**Task item**
Among the entries below, find each line holding "Atlanta" and return it.

Start of Listed entries

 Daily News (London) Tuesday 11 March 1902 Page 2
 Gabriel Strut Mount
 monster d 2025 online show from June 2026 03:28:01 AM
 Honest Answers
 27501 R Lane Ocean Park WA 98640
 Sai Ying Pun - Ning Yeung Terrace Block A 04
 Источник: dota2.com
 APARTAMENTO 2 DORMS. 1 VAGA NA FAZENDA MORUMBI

End of Listed entries
Start of Listed entries

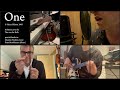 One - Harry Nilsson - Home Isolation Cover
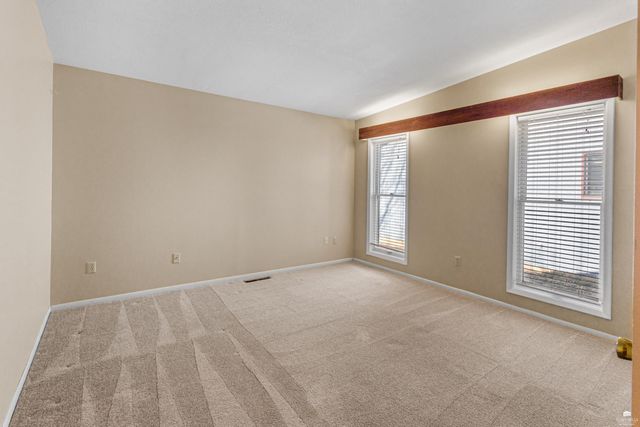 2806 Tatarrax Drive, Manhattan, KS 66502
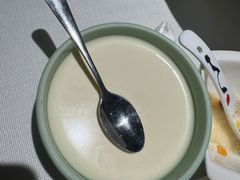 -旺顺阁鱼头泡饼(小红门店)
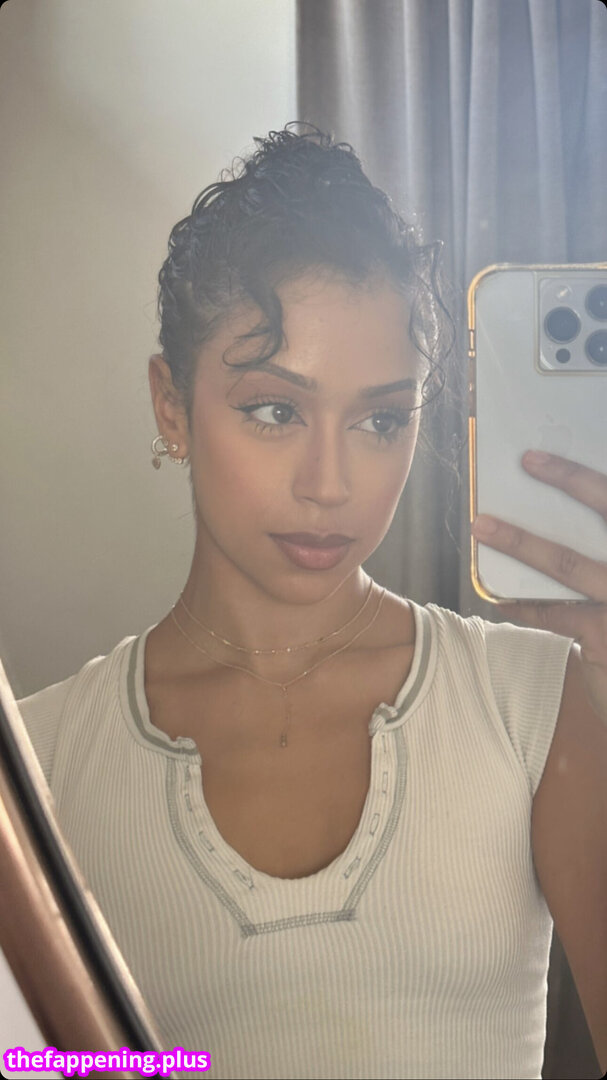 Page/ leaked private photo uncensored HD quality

End of Listed entries
Start of Listed entries

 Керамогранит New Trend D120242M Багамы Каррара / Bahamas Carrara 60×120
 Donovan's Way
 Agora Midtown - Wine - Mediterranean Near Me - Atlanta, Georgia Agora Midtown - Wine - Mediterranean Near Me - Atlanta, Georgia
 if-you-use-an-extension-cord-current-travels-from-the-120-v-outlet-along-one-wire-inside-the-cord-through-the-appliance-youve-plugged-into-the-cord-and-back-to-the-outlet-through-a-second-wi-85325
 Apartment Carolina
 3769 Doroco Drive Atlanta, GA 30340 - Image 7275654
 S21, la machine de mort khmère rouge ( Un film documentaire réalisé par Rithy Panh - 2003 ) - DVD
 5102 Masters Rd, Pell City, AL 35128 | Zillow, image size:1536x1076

End of Listed entries

**Finished task**
 Agora Midtown - Wine - Mediterranean Near Me - Atlanta, Georgia Agora Midtown - Wine - Mediterranean Near Me - Atlanta, Georgia
 3769 Doroco Drive Atlanta, GA 30340 - Image 7275654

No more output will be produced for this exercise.